Cette nuit-là je n’ai pas dormi. Chaque méchanceté, chaque sourire faux, chaque chuchotement est repassé dans ma tête. J’ai pensé à mon frère, riant avec elle, ignorant les années de tourments que je portais. Et soudain, je me suis souvenue de quelque chose.
Première année de lycée. Cours de biologie. Le prof a amené des papillons vivants pour montrer la métamorphose. La plupart étaient émerveillés. Nancy a hurlé si fort que le directeur est venu. Elle a fui la salle blanche comme un drap. On a découvert ce jour-là qu’elle avait une phobie profonde et irrationnelle des papillons. Certaines peurs ne s’effacent pas.
Le matin même, j’ai ourdi le plan parfait.
J’ai cherché et trouvé une société locale qui livre des papillons vivants, dans de jolies boîtes — quand on ouvre, les papillons s’envolent et c’est magique. J’ai commandé deux cents papillons pour qu’ils arrivent chez eux la nuit après le mariage, en demandant expressément que le livreur insiste pour qu’on ouvre la boîte à l’intérieur — les papillons sont fragiles et sensibles au vent. J’ai pris soin aussi que tout soit filmé.
Le mariage fut exactement ce que j’avais prévu : centré sur Nancy. Elle rayonnait, parfaite en robe de créateur, veillant à ce que tous les regards soient pour elle. À la fin de la soirée, elle frappa :

« Hé », dit-elle fort, attirant l’attention, « je n’ai reçu aucun cadeau de ta part ! Tu n’aurais pas oublié, j’espère ? »
Je souriais. « Oh non, j’ai un cadeau très spécial. Il t’attend chez toi. »
Ses yeux brillèrent. « Vraiment ? Quoi ? »
Je m’approchai, baissai la voix : « Quelque chose que tu n’oublieras jamais. »
Plus tard, chez eux, une jolie boîte attendait devant la porte. La livreuse — une charmante vieille dame de la société des papillons — leur expliqua en insistant qu’il fallait ouvrir la boîte à l’intérieur. Nancy, fébrile, l’emporta à l’intérieur et souleva le couvercle.

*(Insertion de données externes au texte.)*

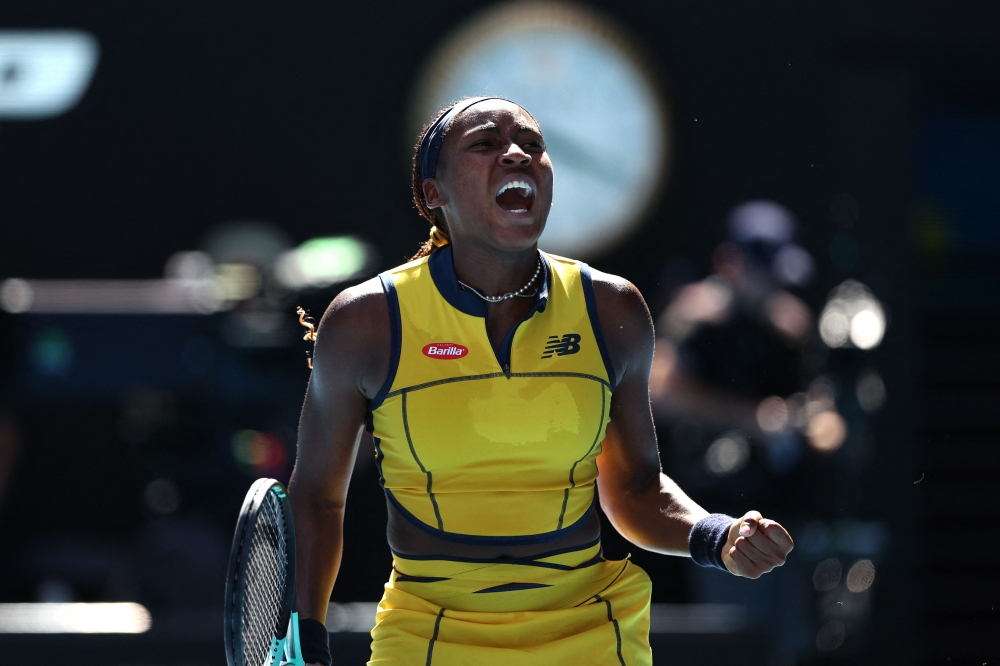 USA's Coco Gauff celebrates the match point against Ukraine's Marta Kostyuk during their women's singles quarter-final match in Melbourne on January 23, 2024. (Photo by Martin Keep / AFP)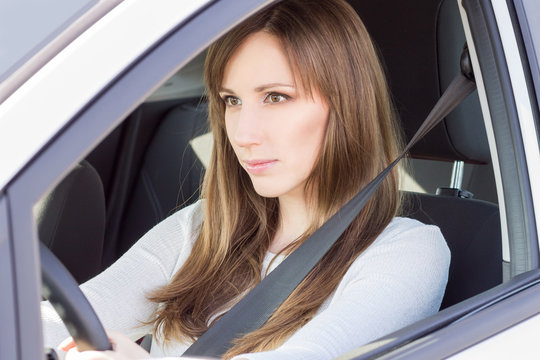 Young confident car driver woman steering wheel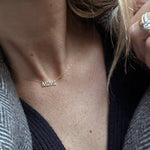 Close-up of a décolletage wearing a Pavé MIMI Necklace, with black and grey knitted clothing and blonde hair visible.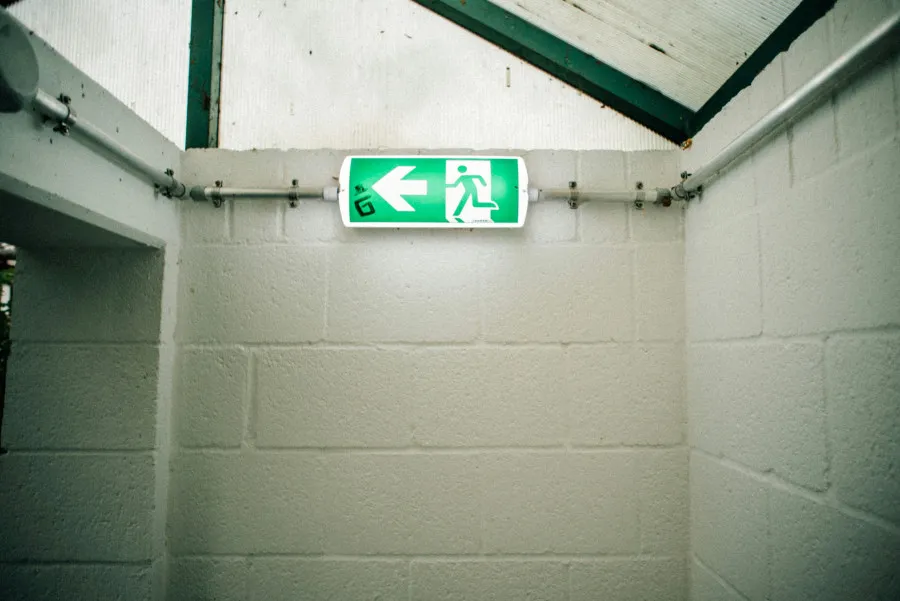 Sinal verde de saída de emergência iluminado, apontando para a esquerda, numa escadaria interior com paredes brancas de blocos de cimento.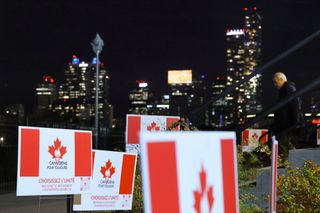 Forever Canadian signs seen outside of the pro Canada watch party in Edmonton, Monday, Oct. 19, 2026. THE CANADIAN PRESS/James Maclennan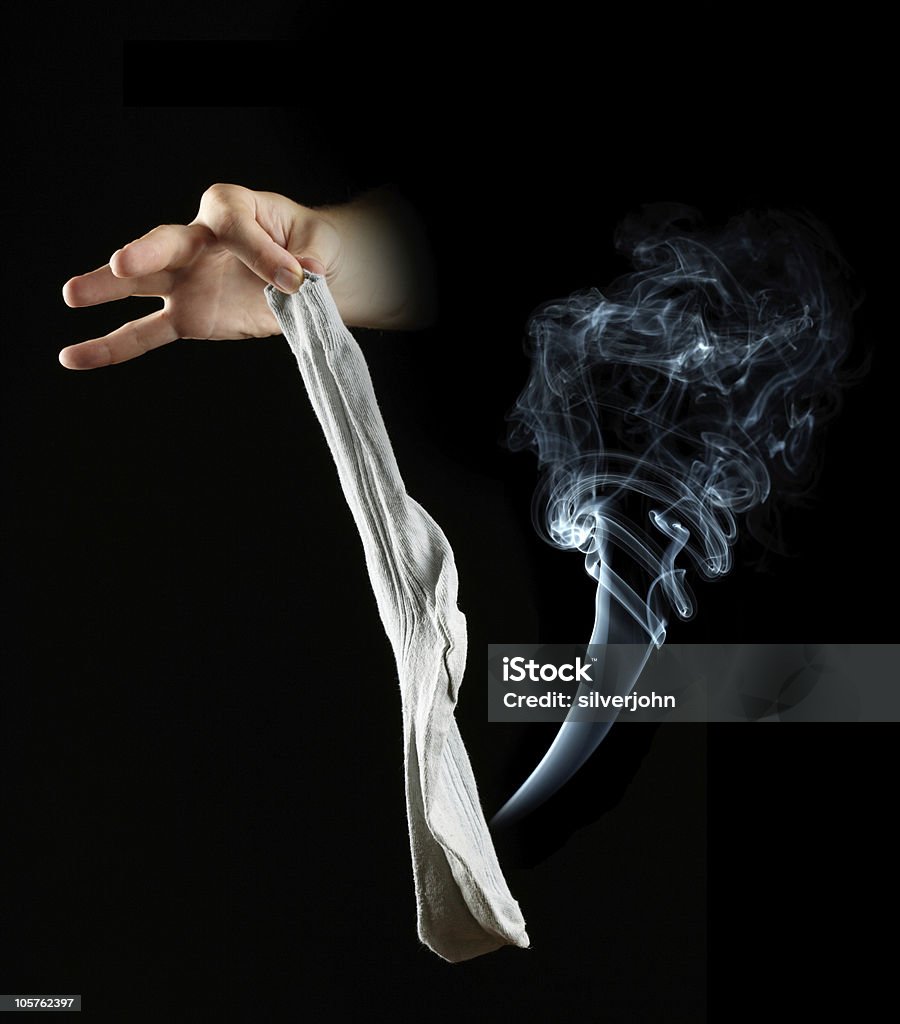 Ręka trzymająca stinky skarpetka na czarnym tle - Zbiór zdjęć royalty-free (Bawełna)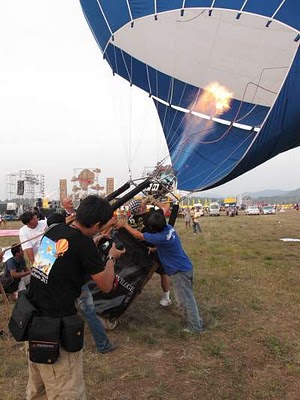 pattaya thailand hot air balloon fiesta 2011 uprighting a hot air balloon at the pattaya balloon fiesta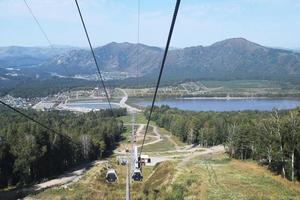 funicular at the all-season ski resort in Altai and Lake Manzherok photo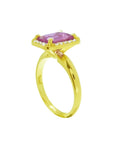 Emerald-cut pink sapphire ring with diamond halo in 14K yellow gold.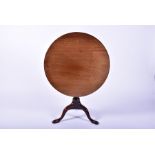 A Georgian mahogany tilt top supper table supported on a turned tapered column to three cabriole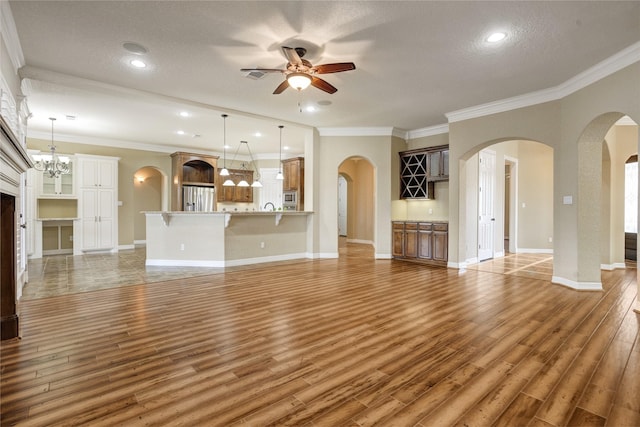 unfurnished living room featuring ceiling fan with notable chandelier, dark wood-type flooring, a textured ceiling, and ornamental molding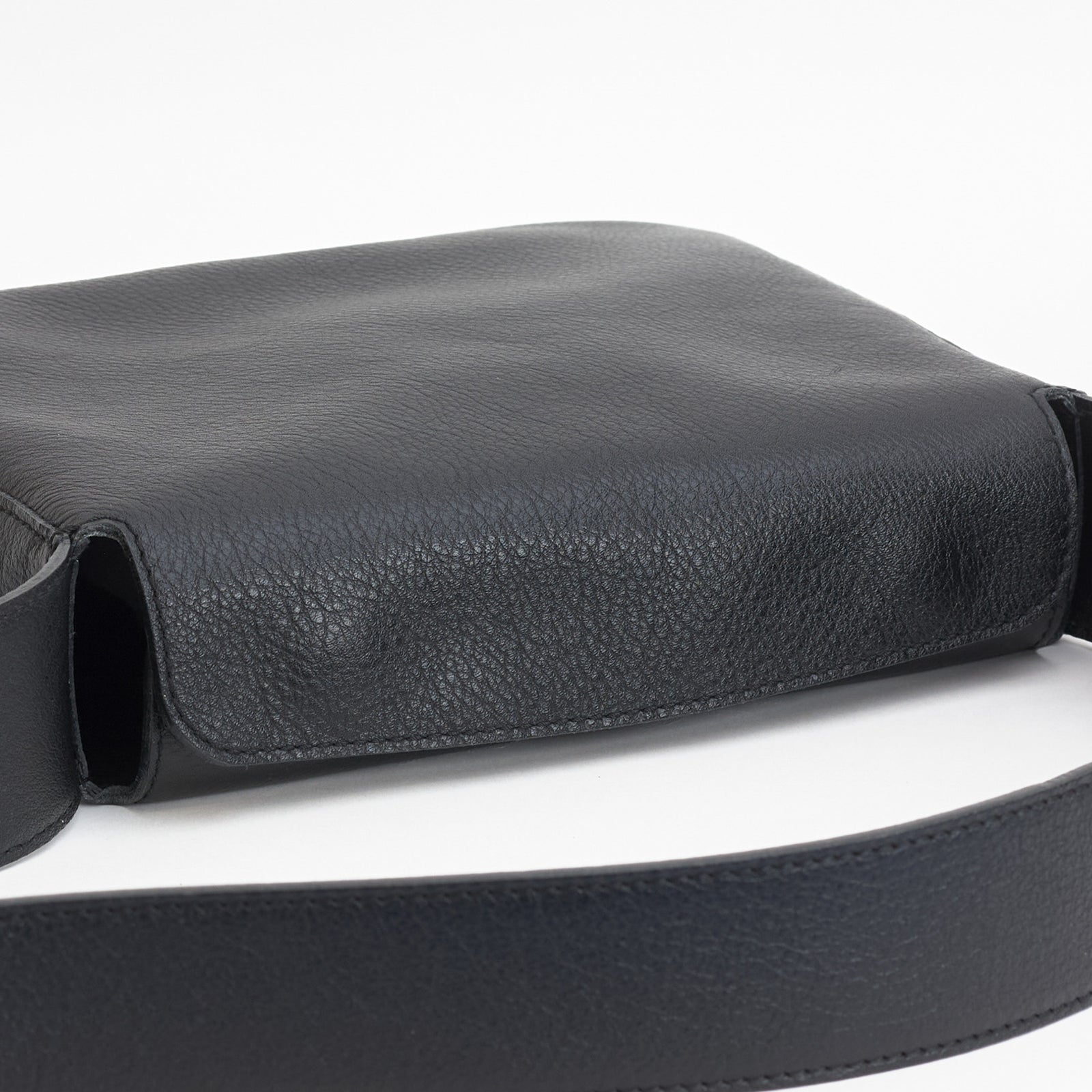 Little Frame crossbody bag in black full-grain leather, angled view highlighting its minimalist design, minimalist women's handbag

Deux cents papillons s’envolèrent. Un silence stupéfait. Puis Nancy a hurlé. Elle recula en agitants les bras, paniquée, cherchant à fuir les créatures inoffensives qui tourbillonnaient autour d’elle. Elle a crié, tremblé, sangloté, tandis que la pièce devenait un chaos de dentelles et d’ailes. La livreuse a tout filmé.
Le lendemain, mon téléphone sonne. La voix enragée de mon frère : « Qu’est-ce qui ne va pas chez toi ? Tu as traumatisé ma femme ! »
Je bâillai presque. « Oh — maintenant elle est traumatisée ? Intéressant. »
« Ce n’est pas drôle ! » hurla-t-il. « Elle a fait une crise ! Elle n’a pas dormi ! »
Je coupai net : « Et moi ? Combien de nuits ai-je pleuré au lycée à cause d’elle, Matt ? »
Silence.
Puis j’ai laissé tomber l’assaut final : « Au fait… tout est filmé. Elle hurle, pleure, court partout à cause de deux cents papillons. Plutôt drôle, non ? Je pourrais envoyer la vidéo. Les gens adorent les mariages ratés. »
Il haleta : « Tu ne feras pas ça. »
« Essaye. »
C’est la dernière fois que j’ai entendu parler de Nancy. Pour la première fois depuis des années, j’ai dormi comme un bébé.